Mahallenin adı Yahudi Mahallesi ama şu anda ikamet edenlerin tamamı Türk, burada yerleşmiş Yahudi ailelerin büyük çoğunluğu İsrail'e göç etmiş. Mahallede büyük bir sinagog var ama ziyarete kapalı, hatta yüksek duvarlarla çevrilmiş. Önceleri o arazide büyük bir okul varmış ama günümüze sadece aşağıdaki çerçevesi ayakta kalan kapı ulaşmış:



Bu da sinagogun iptal edilmiş kapılarından biri. Restore edilmiş esasen ama sadece özel günlerde ayin için açılmakta imiş, onun dışında kapalı. 

Sokaklarda ilerlemeye devam ediyoruz, karşımıza yıkılmış, harabeye dönmüş, ayakta kalmaya direnen, halen oturulur vaziyette olan ya da restore edilmiş evler çıkıyor. Hepsi ayrı bir dünya, özellikle harap durumdakiler insanı hüzünlendiriyor.







Bol miktarda kedi var, kimi gruptakilerden birinin yanında taşıdığı ve kedilere rastgeldikçe döktüğü kuru mamalara yöneliyor, kimiyse çok cool, yüzümüze bile bakmıyor. Bu Sarman önündeki evle uyum sağlamış.


Havalar soğuyup yağmurlar bastırmadan yünler yıkanıp paklanmalı, yataklar doldurulup yorganlar elden geçirilmeli değil mi?
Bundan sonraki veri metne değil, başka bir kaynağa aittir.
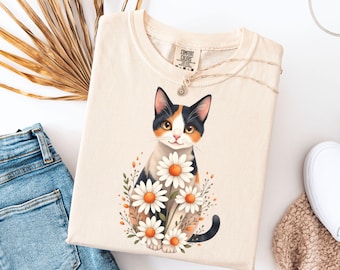 Calico Cat Shirt, Calico Cat Lover Tee, Cute Cat Lover T-Shirt, Floral Pet Owner Gift, Aesthetic Cat Graphic Tee for Women, Comfort Colors®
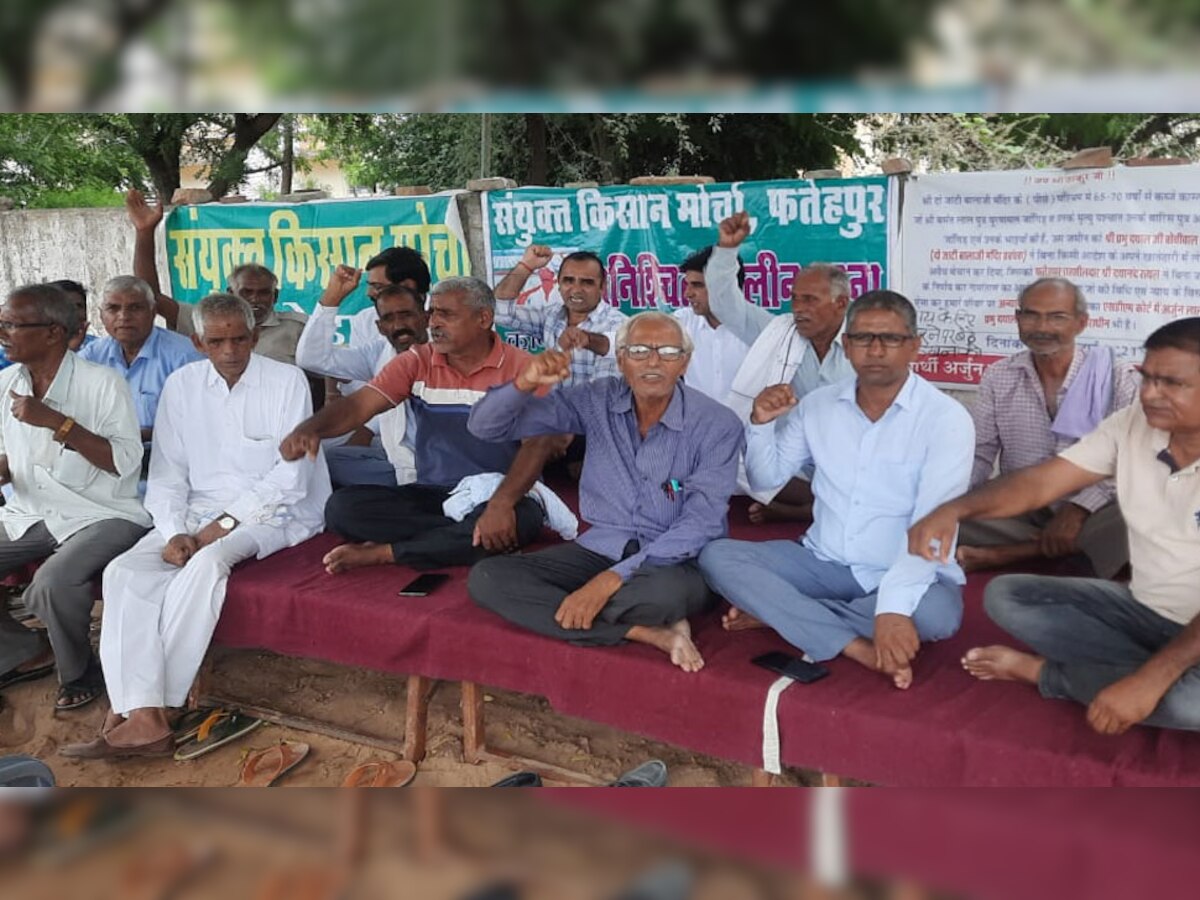 फतेहपुर में अनुदान की मांग को किसान मोर्चा का अनिश्चितकालीन धरना 11वें दिन भी जारी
Rehberimizin ardına düşüp sokakları arşınlıyor sonunda Kargalı Sokak'ta çok ilginç bir eve ulaşıyoruz, Muhammed Yalçın'ın resimli evi:


Muhammed Yalçın 24 yaşında zihinsel özürlü bir genç. Gittiği okullardan birinde resim yeteneği farkediliyor, öğretmenlerinin aracılığı ile bir ressamdan yardım alıyor ve kendini geliştiriyor. En büyük tutkusu resim yapmak haline dönüşüyor. Fotoğrafta gördüğünüz evin dışını resimlediği gibi içindeki tüm odaların duvar ve kapılarını da bir karış boş yer bırakmadan kendi hayal gücüne göre rengarenk çizip boyamış. Evi ziyaret etmek için izin istiyoruz, Muhammed bizi kapıda karşılıyor ve her girene kartını veriyor. Kartın üstünde "Ressam Muhammed Yalçın" yazıyor, telefon numarası ve mail adresi de var. Çok iyi konuşamıyor, annesi yardımcı oluyor, tuval üzerine yaptığı resimlerin satışında ise babası söz sahibi imiş. Ayakkabılarımızı çıkarıyor ve üst kata çıkıyoruz.


Bu Muhammed,  cıvıl cıvıl desenler O'nun elinden çıkma.






Gördüklerimize hayretler içinde kalarak ayrılıyoruz oradan, Muhammed'in resim yapan elleri dert görmesin, destek olanları artsın eksilmesin.


Neredeyse üç buçuk saattir dolaşıyoruz Ulus'un sokaklarında, yorgunluk belirtileri başladı. Mahallenin son sokaklarından geçiyor ve turu bitiriyoruz.




Korkarım bir süre sonra kentsel dönüşüme mağlup olacak bu evler, bu fotoğraflar da bize yadigar kalacak. Aşık Veysel gibi bir mesaj veriyorlardır bize belki: "Biz gideriz suretimiz kalır, dostlar bizi hatırlasın".